#### Work to complete:
Return, word for word, every line starting at the line with "Olivier Lacoua receives" and ending at the final line of the entries; skip the pictures.

#### Exercise materials:
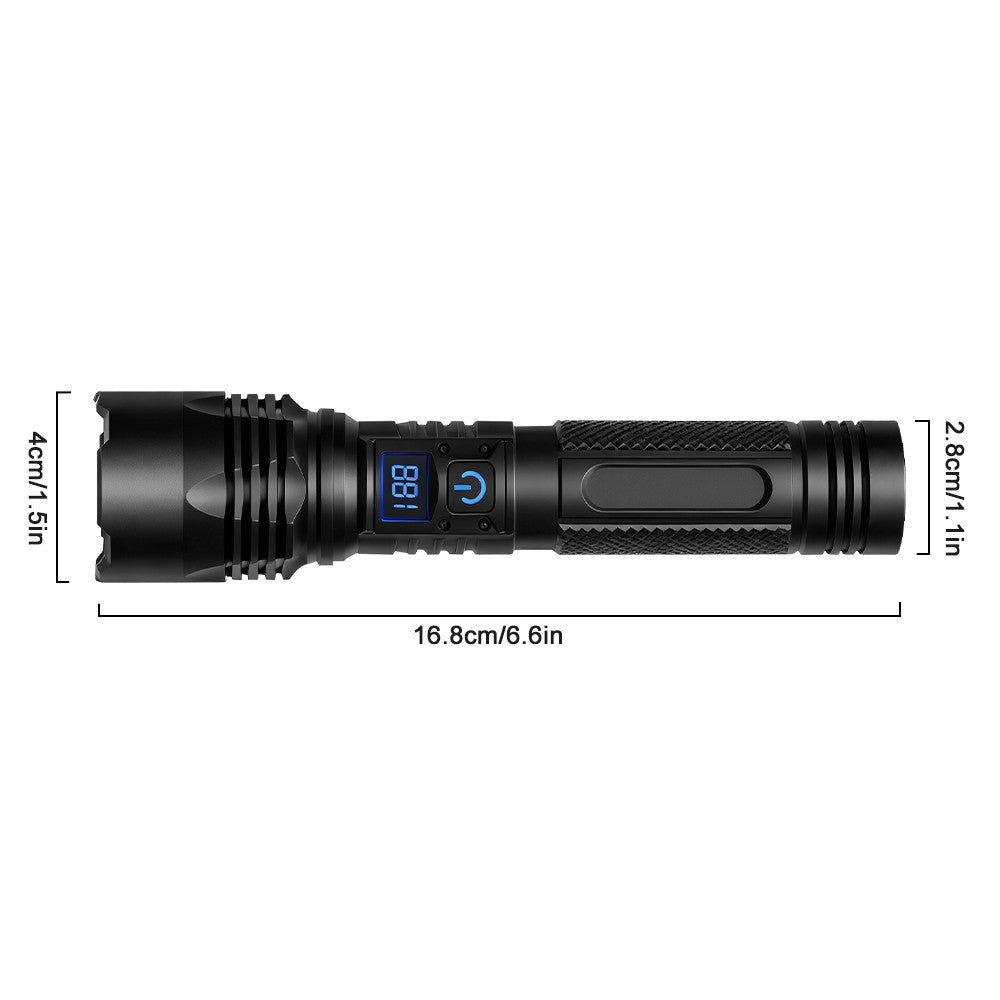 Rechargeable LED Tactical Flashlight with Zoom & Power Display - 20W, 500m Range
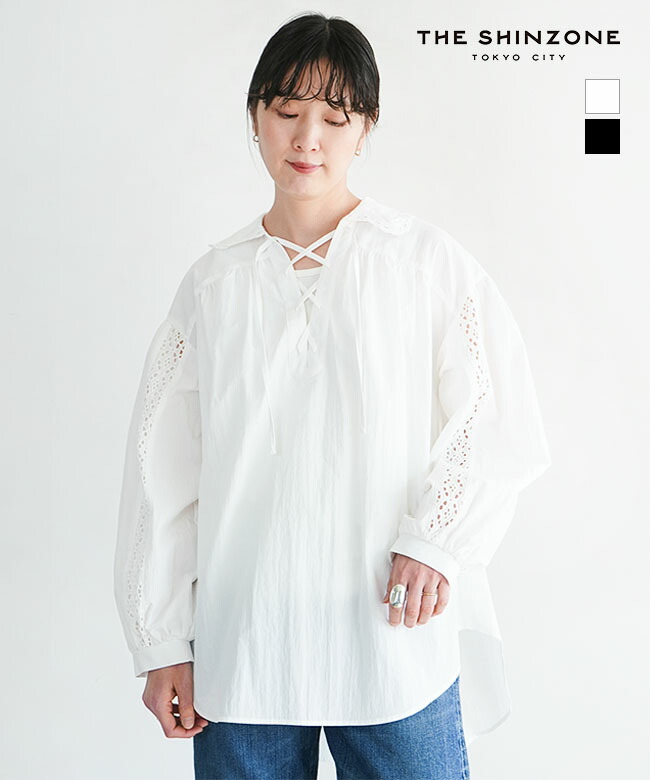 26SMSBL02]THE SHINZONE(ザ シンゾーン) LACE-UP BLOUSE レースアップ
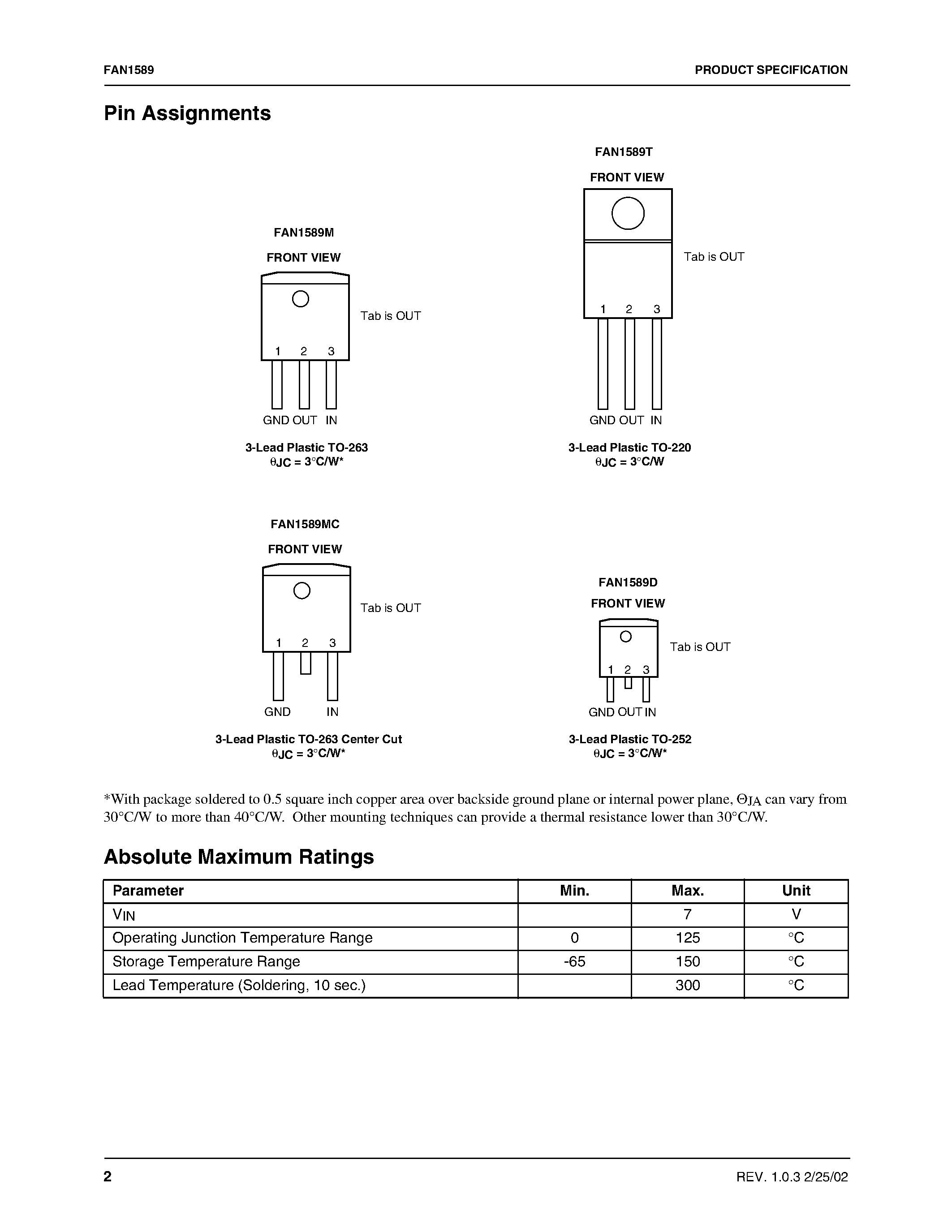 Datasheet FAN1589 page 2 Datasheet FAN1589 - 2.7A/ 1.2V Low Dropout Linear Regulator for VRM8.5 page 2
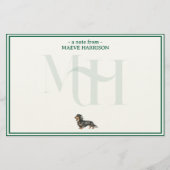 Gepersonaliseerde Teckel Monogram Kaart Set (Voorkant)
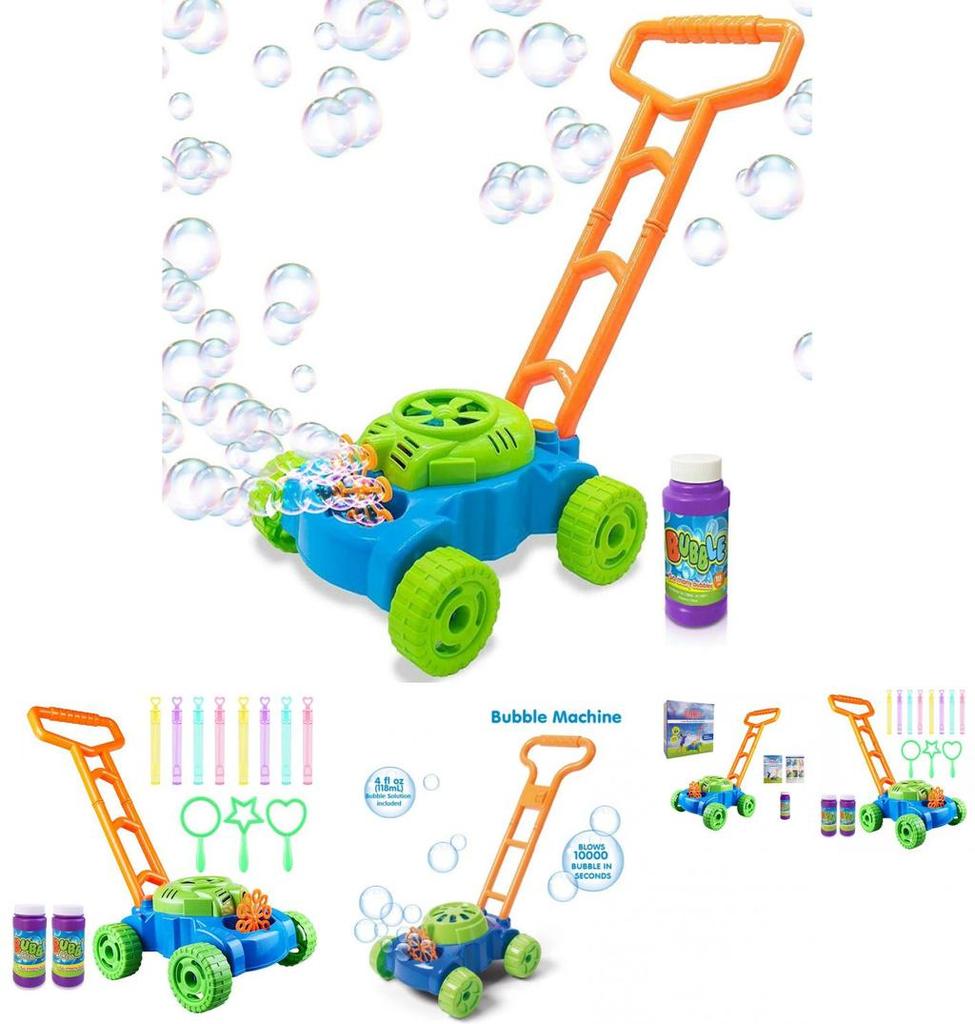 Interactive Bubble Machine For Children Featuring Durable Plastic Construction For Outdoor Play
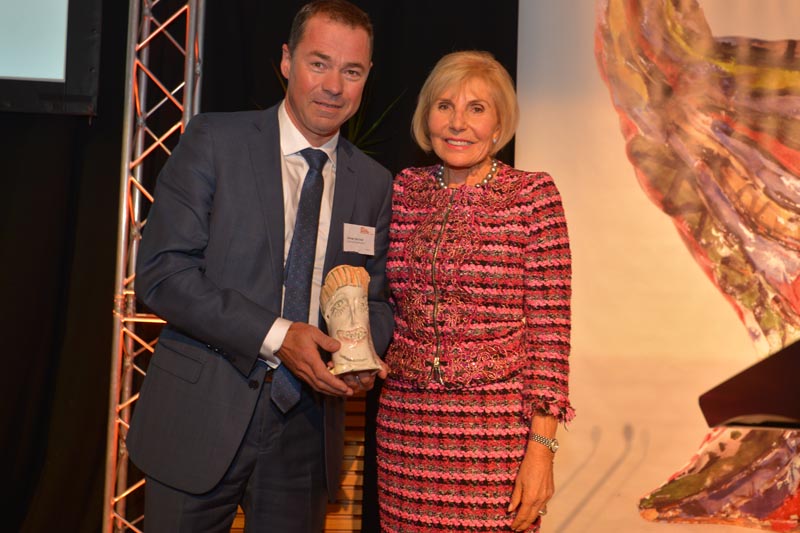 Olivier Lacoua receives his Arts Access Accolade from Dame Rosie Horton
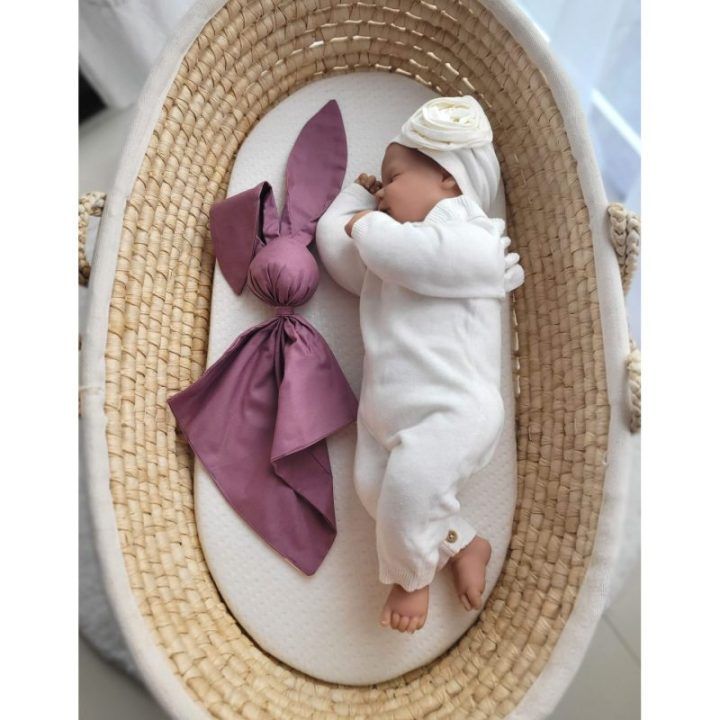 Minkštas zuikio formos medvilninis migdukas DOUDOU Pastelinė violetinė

#### Task response:
 Olivier Lacoua receives his Arts Access Accolade from Dame Rosie Horton
 Minkštas zuikio formos medvilninis migdukas DOUDOU Pastelinė violetinė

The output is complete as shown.